Investing.com-- Oil prices rose in Asian trade on Friday, hovering near 10-week highs on the prospect of tighter supplies, amid disruptions in Libya and Nigeria, while data showing a drop in U.S. inflation also supported sentiment.
Crude markets rallied sharply this week, tracking declines in the dollar as softer-than-expected U.S. inflation data spurred bets that the Federal Reserve was close to reaching peak interest rates.
Brent oil futures rose 0.3% to $81.54 a barrel, while West Texas Intermediate crude futures rose 0.3% to $77.12 a barrel by 21:56 ET (01:56 GMT). Both contracts were at their highest levels since late-April, and were set to rise between 3.8% and 4.5% this week, their third straight positive week.

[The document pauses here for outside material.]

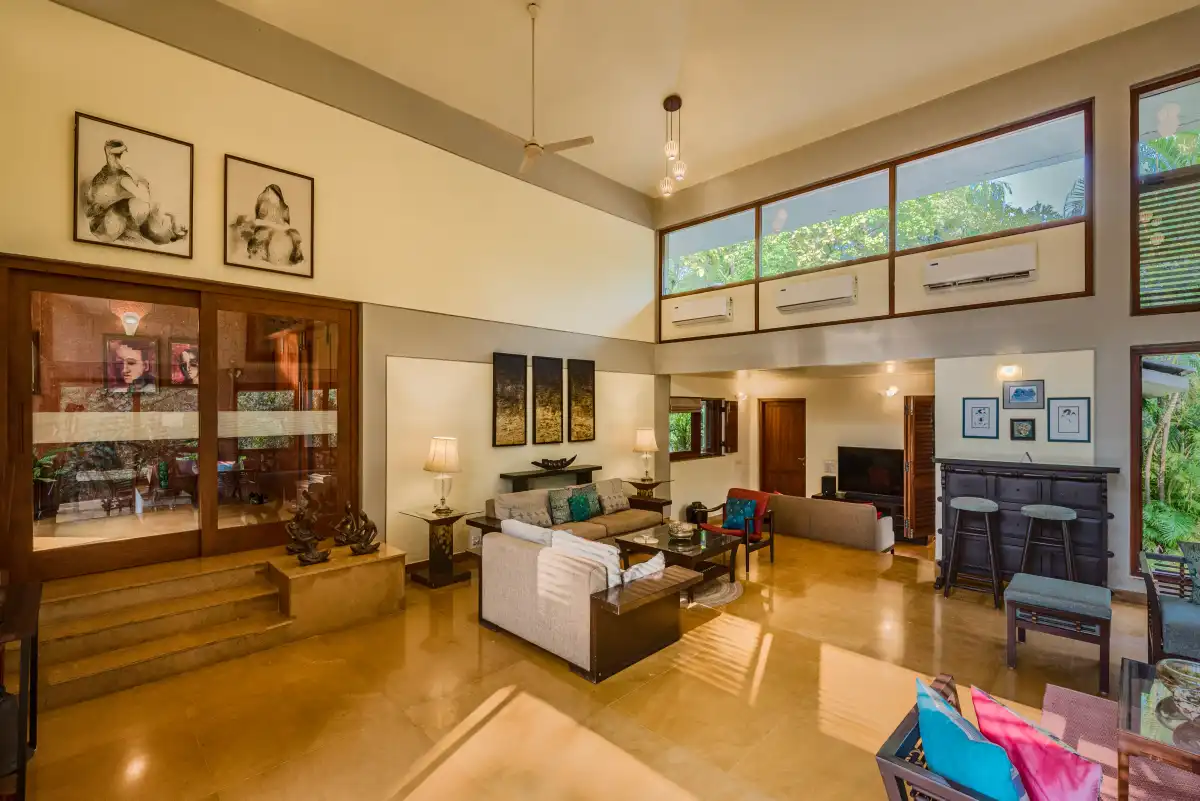 SaffronStays Laguna, Alibaug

Several Libyan oil fields, including the country’s second-largest, Sharara, were shut down on Thursday, amid protests by local tribes over the kidnapping of a former minister.
Separately, British oil and gas giant Shell PLC (BS:SHELl) suspended crude loading at Nigeria’s Forcados terminal due to a suspected pipeline leak.
The disruptions in supply come on the heels of deep production cuts by Saudi Arabia and Russia, and point to tighter oil markets in the coming months.
They also come as the Organization of Petroleum Exporting Countries (OPEC) flagged higher global oil demand in 2023, in its monthly report released on Thursday.
This was accompanied by data showing that China, the world’s largest crude importer, saw close to record-high oil imports in June, as refinery demand picked up in the country.
But fuel demand in China has remained languid, casting doubts over whether the country will drive up global oil consumption this year.